The thing that is difficult about these disruptions is that they can be difficult to control because even as ushers or security, we’re still not puppet masters for these human beings. If they’re too drunk the chances are that they got that way before they came in because it is expensive to get drunk at a theatre bar, we do refuse service to people who are past it but even if we banned alcohol in the building, people would still rock up drunk and we’d make £0. For the rowdy lot, our security have to work hard and often toss people out of the building during the show which is a shame but to get to the point where you’re being chucked out, you’ve probably done something disruptive and the damage is done for the people around them. We can’t throw people out before they do something wrong so it’s annoying when that goes down and people complain the staff should’ve done more…when we can’t really. We don’t ignore rowdy people because if we did, we’re not doing our job. As much as I wish we can ban people’s phones, we can’t but we do give them a telling off for using it during the show and we will have our hawk eyes on the audience looking out for the chancers who think that’s okay – it is not.

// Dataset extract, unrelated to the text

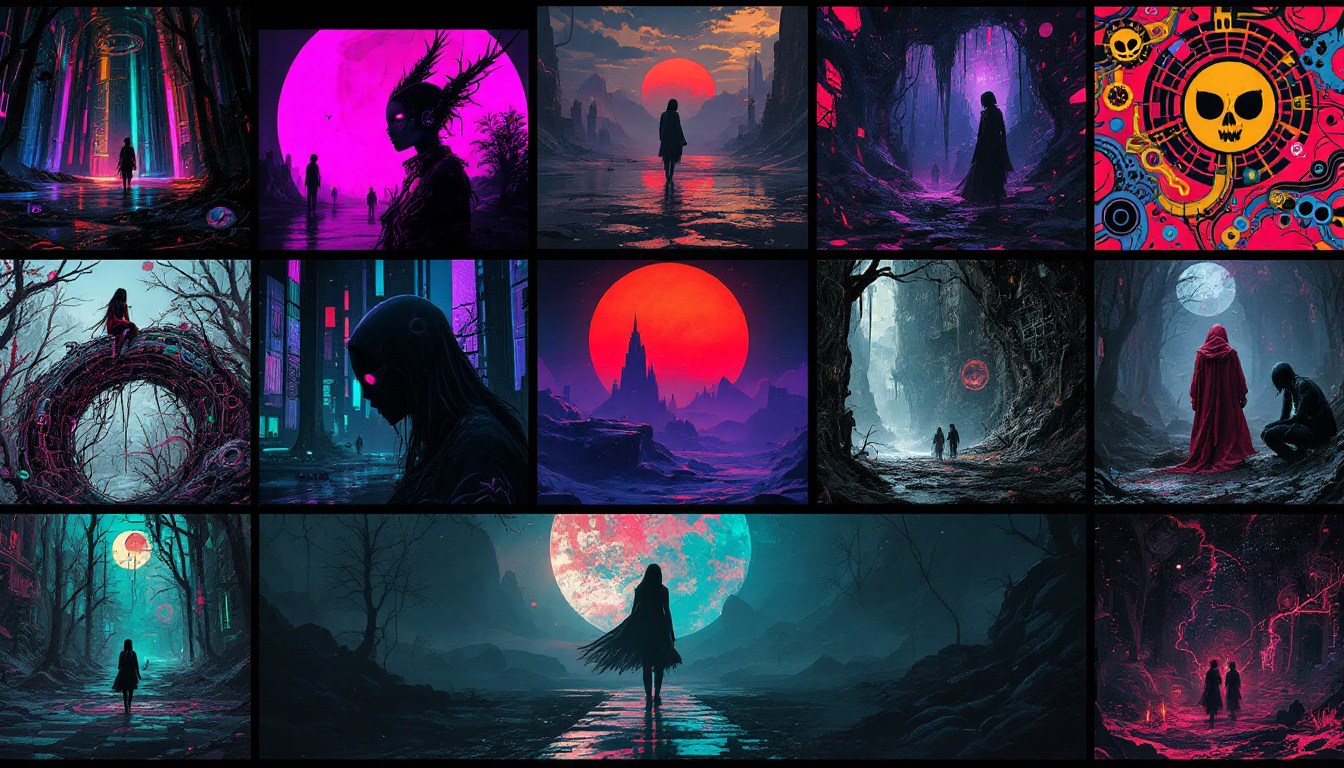 All-in-one goth AI generation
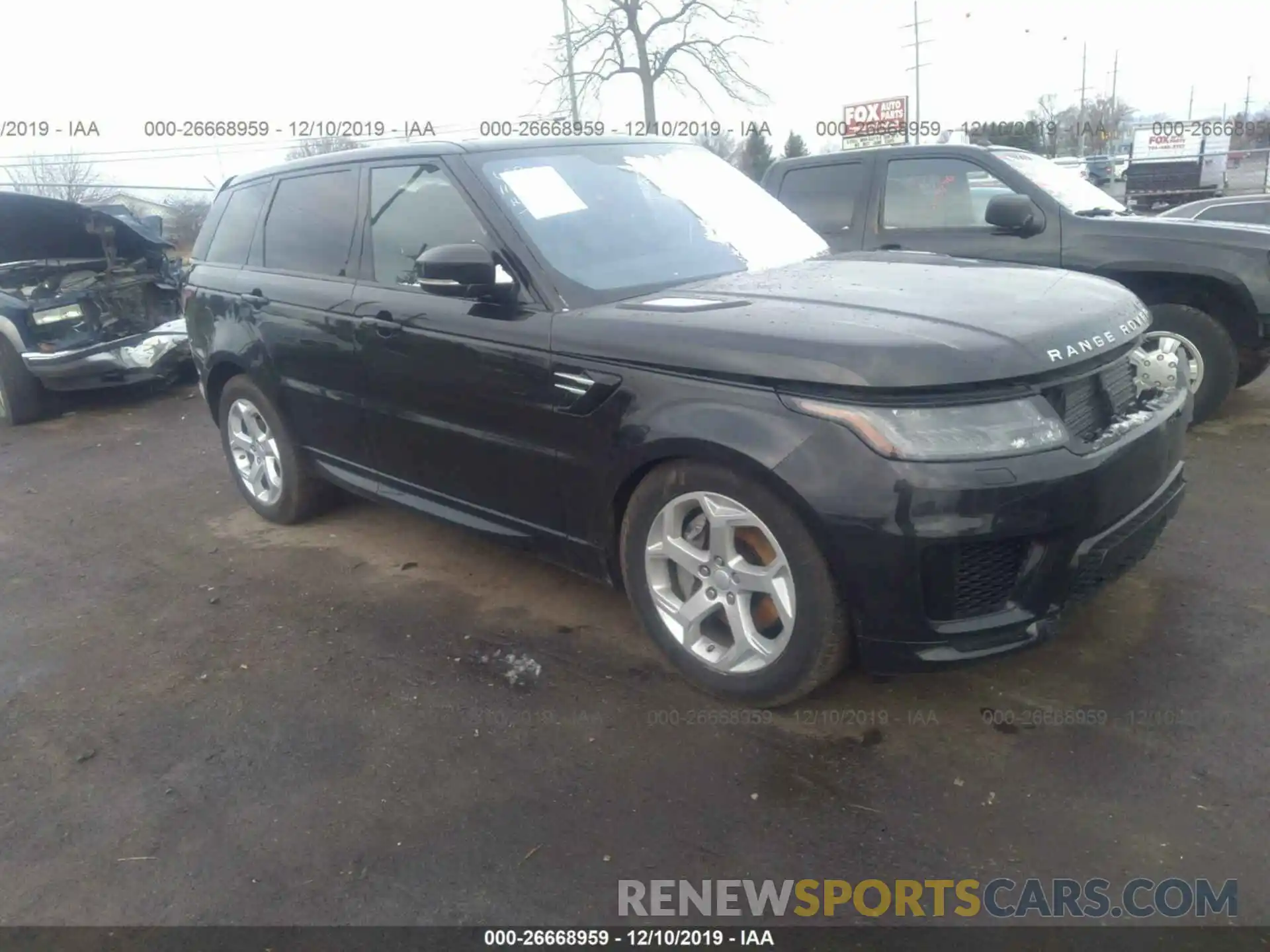 1 Фотография поврежденного автомобиля SALWR2RV9KA841945 LAND ROVER RANGE ROVER SPORT 2019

You can ask anyone FOH for their most shocking and horrific stories from working in a theatre and I bet you they have some, I have more ridiculous ones but I think they’re too specific to share on here. The point is, FOH may seem like a lovely, easy and beautiful job to do and for the most part it is, but sometimes you get shafted and abused at a 10hr day on your feet and it can be intense and disappointing. To the radgies I say: get your shit together or don’t buy tickets plz, and to the majority of audiences that are well-behaved I say: thank you! We’re trying our best to deal with the other lot!